EXERCISE:
Records follow. Select each line holding "North".

Short web captions:
/---

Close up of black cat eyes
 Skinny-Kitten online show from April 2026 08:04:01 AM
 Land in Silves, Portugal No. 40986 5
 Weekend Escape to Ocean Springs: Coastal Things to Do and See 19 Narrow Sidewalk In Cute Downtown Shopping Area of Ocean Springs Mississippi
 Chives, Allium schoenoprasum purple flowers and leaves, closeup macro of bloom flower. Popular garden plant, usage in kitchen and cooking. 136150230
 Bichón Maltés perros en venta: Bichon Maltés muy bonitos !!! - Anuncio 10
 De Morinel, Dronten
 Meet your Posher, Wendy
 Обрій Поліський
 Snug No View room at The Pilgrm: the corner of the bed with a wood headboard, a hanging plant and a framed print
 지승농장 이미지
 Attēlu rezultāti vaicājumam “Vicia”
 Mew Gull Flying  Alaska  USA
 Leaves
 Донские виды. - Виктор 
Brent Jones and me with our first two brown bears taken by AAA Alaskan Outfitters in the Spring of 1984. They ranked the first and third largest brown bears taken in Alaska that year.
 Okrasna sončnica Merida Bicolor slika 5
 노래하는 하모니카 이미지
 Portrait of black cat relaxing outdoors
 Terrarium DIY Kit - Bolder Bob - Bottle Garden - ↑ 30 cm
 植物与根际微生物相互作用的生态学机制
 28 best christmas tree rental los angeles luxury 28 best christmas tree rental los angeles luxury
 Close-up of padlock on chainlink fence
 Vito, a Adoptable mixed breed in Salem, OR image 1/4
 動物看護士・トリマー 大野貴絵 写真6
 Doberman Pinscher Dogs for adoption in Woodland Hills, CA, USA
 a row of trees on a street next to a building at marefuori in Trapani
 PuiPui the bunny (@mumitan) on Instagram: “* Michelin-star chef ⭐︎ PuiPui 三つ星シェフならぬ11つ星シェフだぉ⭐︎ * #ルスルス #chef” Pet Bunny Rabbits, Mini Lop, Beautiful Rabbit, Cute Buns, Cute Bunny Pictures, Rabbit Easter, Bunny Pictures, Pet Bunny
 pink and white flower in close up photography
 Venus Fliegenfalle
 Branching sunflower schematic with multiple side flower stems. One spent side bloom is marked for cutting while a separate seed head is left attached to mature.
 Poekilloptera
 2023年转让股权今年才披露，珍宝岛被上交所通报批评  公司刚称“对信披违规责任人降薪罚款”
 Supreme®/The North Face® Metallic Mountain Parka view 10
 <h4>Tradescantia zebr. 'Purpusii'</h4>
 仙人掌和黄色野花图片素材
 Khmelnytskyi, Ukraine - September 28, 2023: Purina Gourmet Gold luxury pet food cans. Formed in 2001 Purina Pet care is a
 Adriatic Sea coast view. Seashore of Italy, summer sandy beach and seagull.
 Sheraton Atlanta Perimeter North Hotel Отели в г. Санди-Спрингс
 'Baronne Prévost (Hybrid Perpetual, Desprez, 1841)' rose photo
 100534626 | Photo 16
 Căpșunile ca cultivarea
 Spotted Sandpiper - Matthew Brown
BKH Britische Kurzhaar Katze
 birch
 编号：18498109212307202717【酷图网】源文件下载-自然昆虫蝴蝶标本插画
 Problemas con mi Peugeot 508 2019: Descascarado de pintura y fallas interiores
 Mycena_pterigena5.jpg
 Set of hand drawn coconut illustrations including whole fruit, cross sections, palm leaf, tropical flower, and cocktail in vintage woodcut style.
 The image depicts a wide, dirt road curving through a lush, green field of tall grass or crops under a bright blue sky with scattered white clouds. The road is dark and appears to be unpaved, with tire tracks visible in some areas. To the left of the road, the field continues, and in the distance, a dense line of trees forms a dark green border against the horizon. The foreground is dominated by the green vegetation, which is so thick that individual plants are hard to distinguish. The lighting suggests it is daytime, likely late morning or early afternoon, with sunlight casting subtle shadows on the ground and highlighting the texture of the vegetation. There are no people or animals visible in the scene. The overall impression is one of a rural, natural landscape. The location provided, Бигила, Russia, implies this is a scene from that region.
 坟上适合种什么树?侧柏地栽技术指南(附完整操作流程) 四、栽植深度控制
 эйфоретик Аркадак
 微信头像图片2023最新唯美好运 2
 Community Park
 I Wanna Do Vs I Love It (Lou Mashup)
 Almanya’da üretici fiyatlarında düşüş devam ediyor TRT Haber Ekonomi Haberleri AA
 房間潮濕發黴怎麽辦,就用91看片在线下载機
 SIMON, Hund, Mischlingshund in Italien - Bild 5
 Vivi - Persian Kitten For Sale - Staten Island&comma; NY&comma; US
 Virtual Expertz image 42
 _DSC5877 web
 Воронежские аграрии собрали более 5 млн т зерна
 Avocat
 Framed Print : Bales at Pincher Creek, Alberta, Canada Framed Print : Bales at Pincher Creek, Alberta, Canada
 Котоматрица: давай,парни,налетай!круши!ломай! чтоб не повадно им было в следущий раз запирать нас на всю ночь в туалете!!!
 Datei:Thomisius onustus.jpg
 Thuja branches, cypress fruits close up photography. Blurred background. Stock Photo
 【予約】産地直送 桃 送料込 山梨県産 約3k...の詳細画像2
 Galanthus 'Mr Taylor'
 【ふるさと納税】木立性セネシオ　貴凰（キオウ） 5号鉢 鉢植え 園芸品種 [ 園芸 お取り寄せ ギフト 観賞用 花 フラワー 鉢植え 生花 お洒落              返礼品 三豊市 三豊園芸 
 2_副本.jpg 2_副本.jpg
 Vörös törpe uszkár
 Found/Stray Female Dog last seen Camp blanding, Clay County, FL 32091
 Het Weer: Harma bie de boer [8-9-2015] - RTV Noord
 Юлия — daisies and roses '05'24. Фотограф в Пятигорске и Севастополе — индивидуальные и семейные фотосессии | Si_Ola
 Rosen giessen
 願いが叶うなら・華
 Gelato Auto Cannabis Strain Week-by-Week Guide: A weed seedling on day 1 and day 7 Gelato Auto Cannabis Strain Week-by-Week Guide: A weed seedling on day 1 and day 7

\---

SOLUTION TO THIS PROBLEM:
 Supreme®/The North Face® Metallic Mountain Parka view 10
 Sheraton Atlanta Perimeter North Hotel Отели в г. Санди-Спрингс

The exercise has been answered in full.